Start of Block

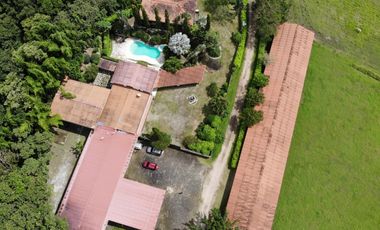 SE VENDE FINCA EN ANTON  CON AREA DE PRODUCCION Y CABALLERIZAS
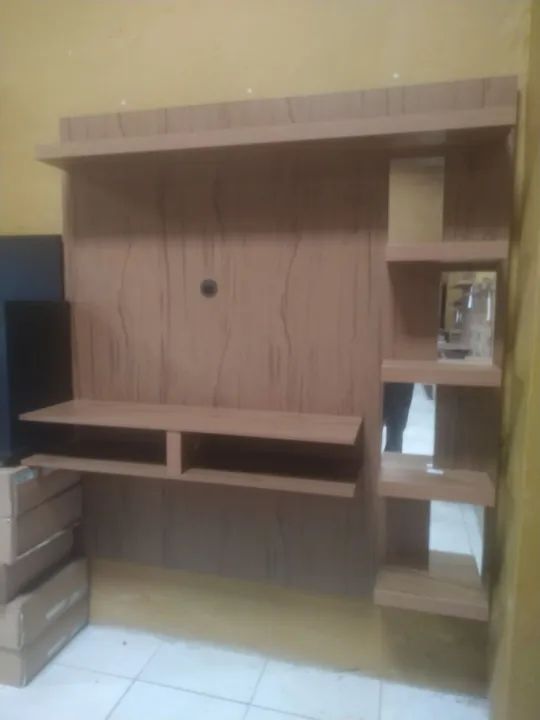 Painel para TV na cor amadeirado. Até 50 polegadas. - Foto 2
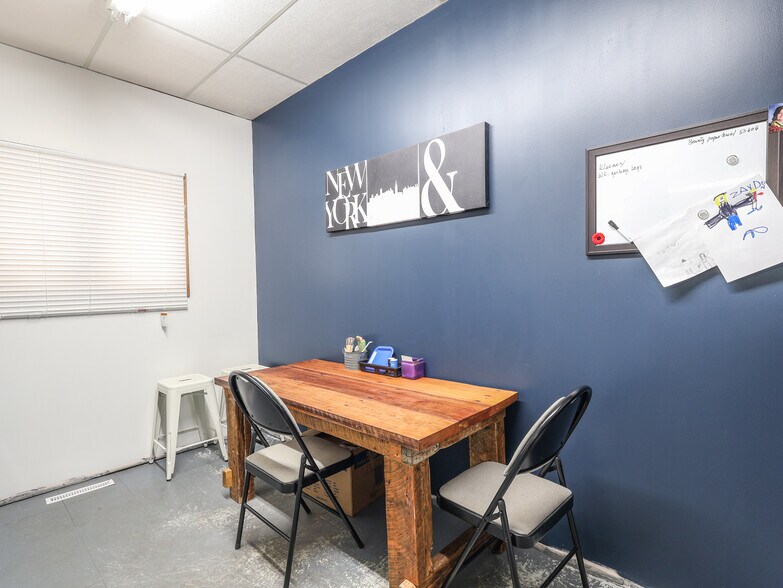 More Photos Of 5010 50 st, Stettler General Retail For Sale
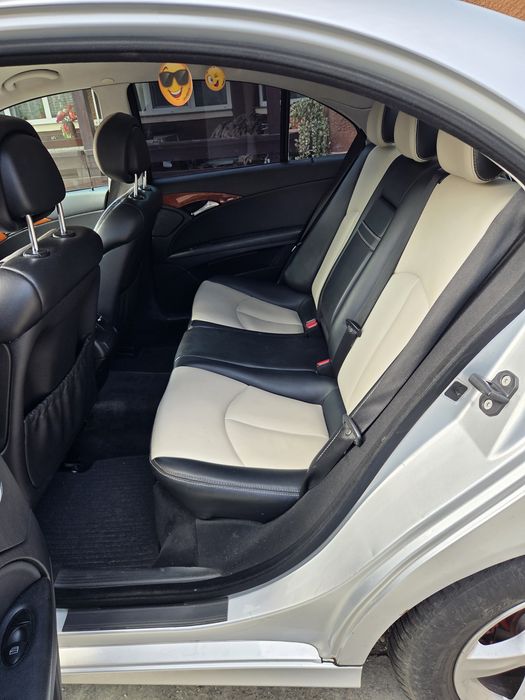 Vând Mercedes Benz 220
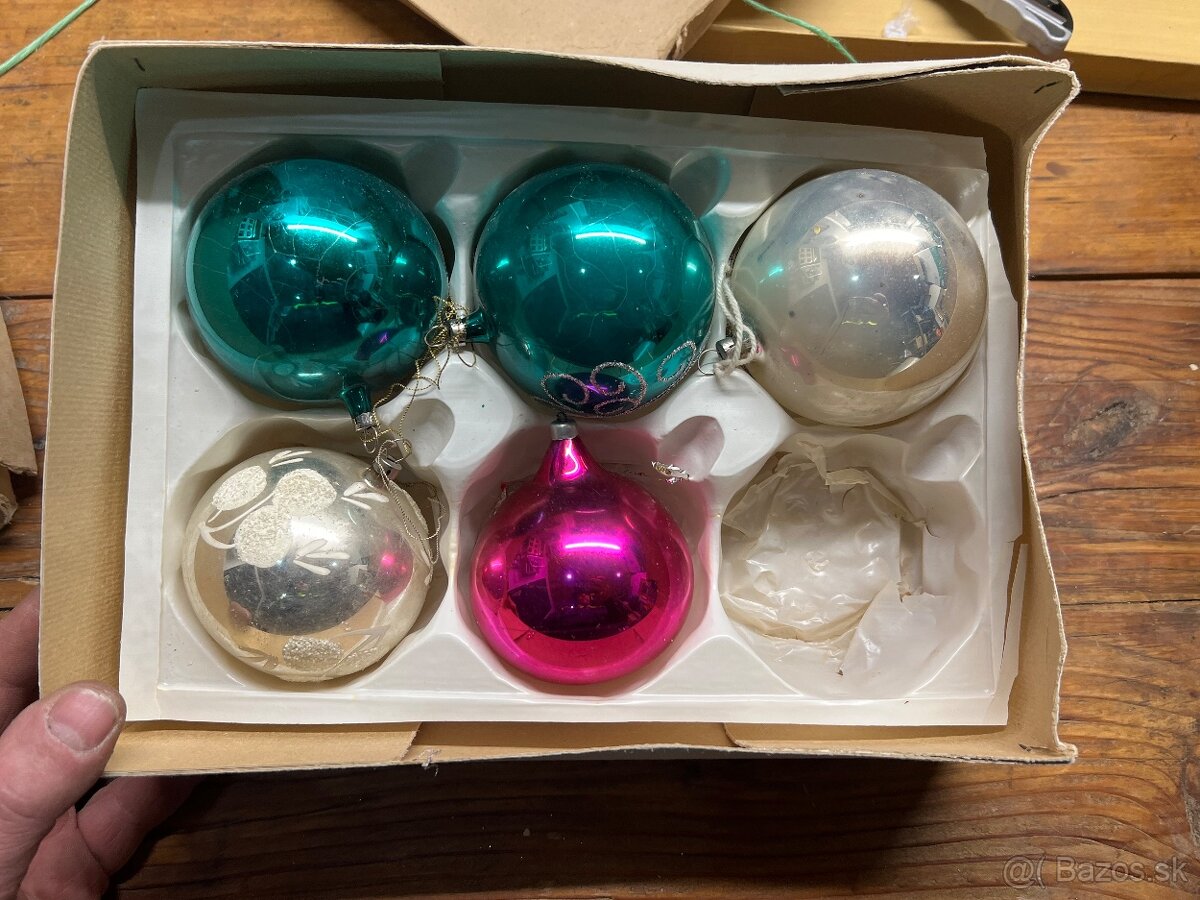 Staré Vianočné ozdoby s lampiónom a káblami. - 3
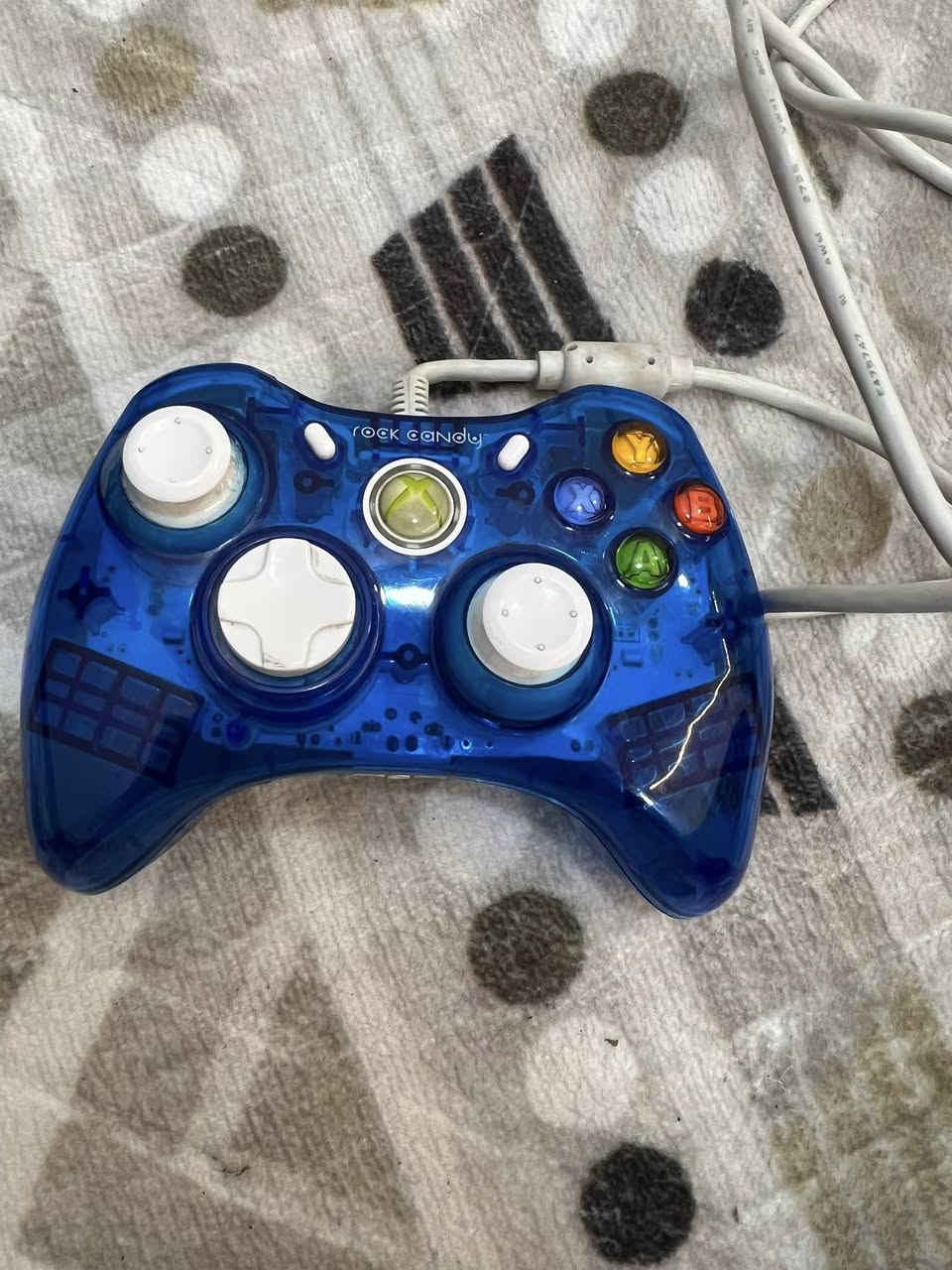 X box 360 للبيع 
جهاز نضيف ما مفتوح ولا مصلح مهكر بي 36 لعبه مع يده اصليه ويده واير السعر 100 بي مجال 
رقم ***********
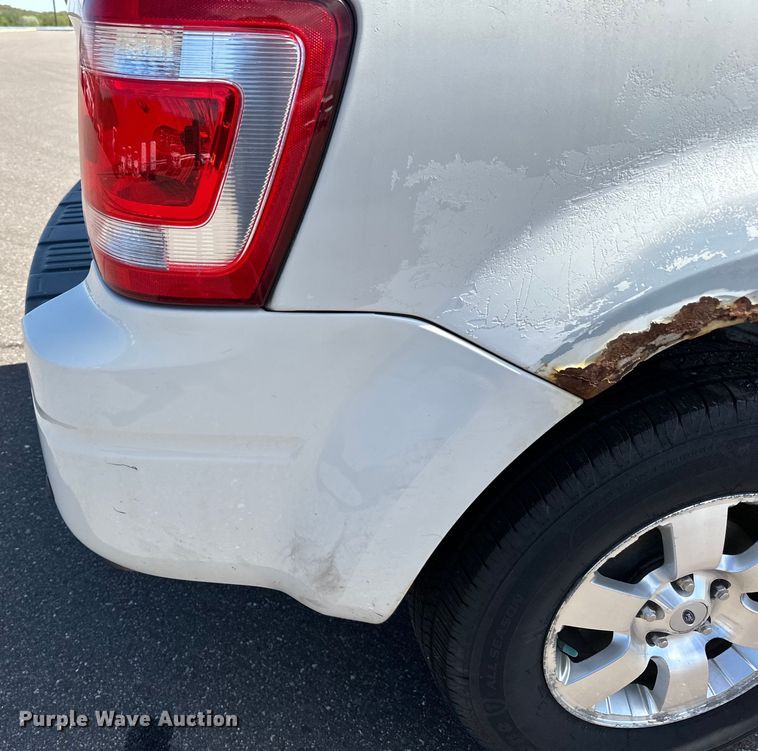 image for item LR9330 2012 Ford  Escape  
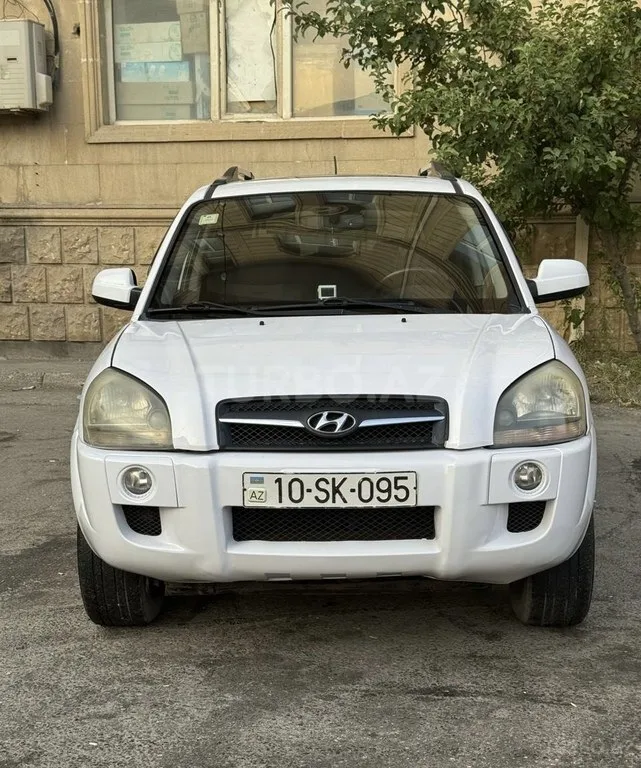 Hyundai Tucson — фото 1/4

End of Block

THE TASK:
The exact lines from the one containing "Painel para TV" through the end of the data are to be copied, with both ends kept and pictures left out.

RESPONSE BELOW:
 Painel para TV na cor amadeirado. Até 50 polegadas. - Foto 2
 More Photos Of 5010 50 st, Stettler General Retail For Sale
 Vând Mercedes Benz 220
 Staré Vianočné ozdoby s lampiónom a káblami. - 3
 X box 360 للبيع 
جهاز نضيف ما مفتوح ولا مصلح مهكر بي 36 لعبه مع يده اصليه ويده واير السعر 100 بي مجال 
رقم ***********
 image for item LR9330 2012 Ford  Escape  
 Hyundai Tucson — фото 1/4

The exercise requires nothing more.